(a) There are 10 chairs in a row and 8 people to be seated. In how many ways can this be done? (b) There are 10 questions on a test and you are to do 8 of them. In how many ways can you choose them? (c) In part (a) what is the probability that the first two chairs in the row are vacant? (d) In part (b), what is the probability that you omit the first two problems in the test? (e) Explain why the answer to parts (a) and (b) are different, but the answers to (c) and (d) are the same.

Permutations are all about arranging objects in a specific order. When dealing with permutations, the order matters. For example, if we have a set of 8 people and 10 chairs, each distinct arrangement of people in the chairs is considered a unique permutation. The general formula to find the number of permutations, where we need to arrange r items out of a total of n items, is: \[ P(n, r) = \frac{n!}{(n-r)!} \]. This formula ensures that we consider every possible order of r items selected from n items. For instance, in our exercise, to find the number of ways to arrange 8 people in 10 chairs, we calculate \[ P(10, 8) = \frac{10!}{2!} = 1814400 \]. This large number shows just how many different ways 8 people can be seated in 10 chairs!

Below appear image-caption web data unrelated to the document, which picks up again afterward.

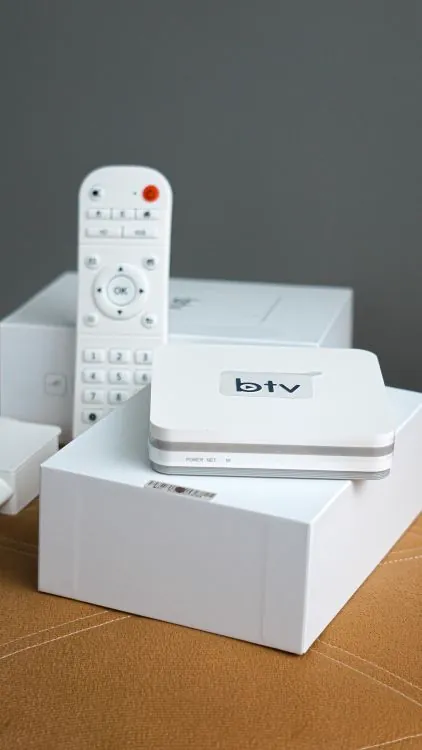 Modern smart TV control equipment with remote control and streaming device on a table for IPTV viewing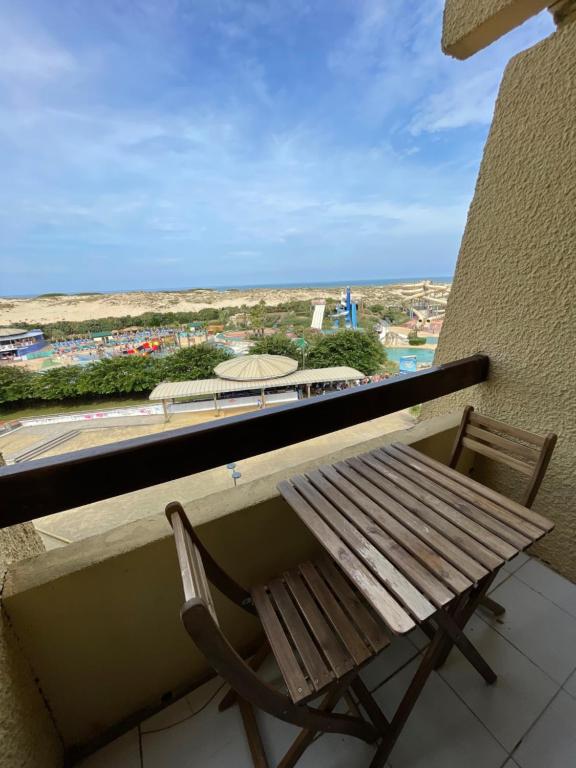 塞尼奥斯Réf 392 Seignosse océan , appartement VUE MER, proximité immédiate de la plage Idéal famille 4 personnes的木制长凳,位于阳台的顶部,享有风景。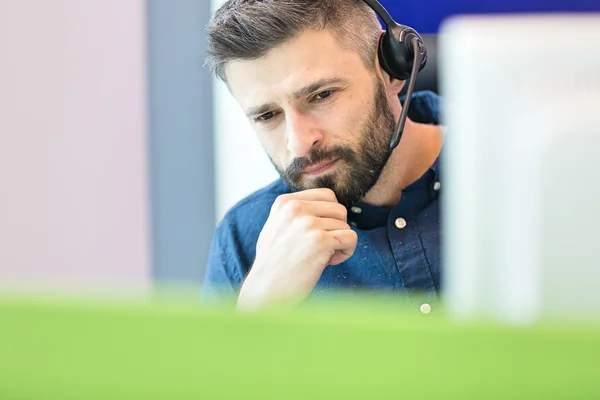 Doordachte zakenman hoofdtelefoon dragen op kantoor — Stockfoto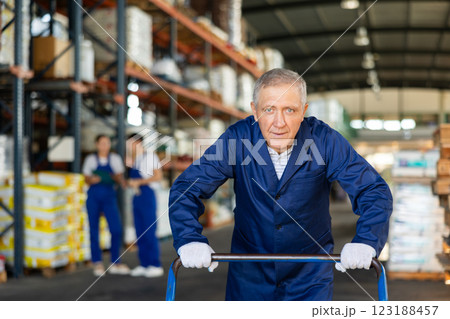 Elderly loader man pushing cart in warehouse Elderly loader man pushing cart in warehouse 123188457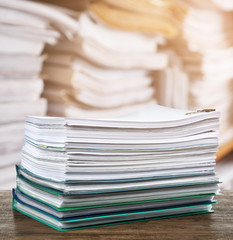 Stack of documents on table in archive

Combinations are about selecting items where the order does not matter. Unlike permutations, here it only matters which items are chosen, not their arrangement. The formula for combinations to choose r items from a set of n items is given by: \[ C(n, r) = \frac{n!}{r!(n-r)!} \]. In our exercise, when choosing 8 questions to answer out of 10, the order of answering doesn’t matter. Hence, we use the combination formula:\[ C(10, 8) = \frac{10!}{8!2!} = 45 \].This result tells us that there are 45 different ways to select 8 questions out of 10.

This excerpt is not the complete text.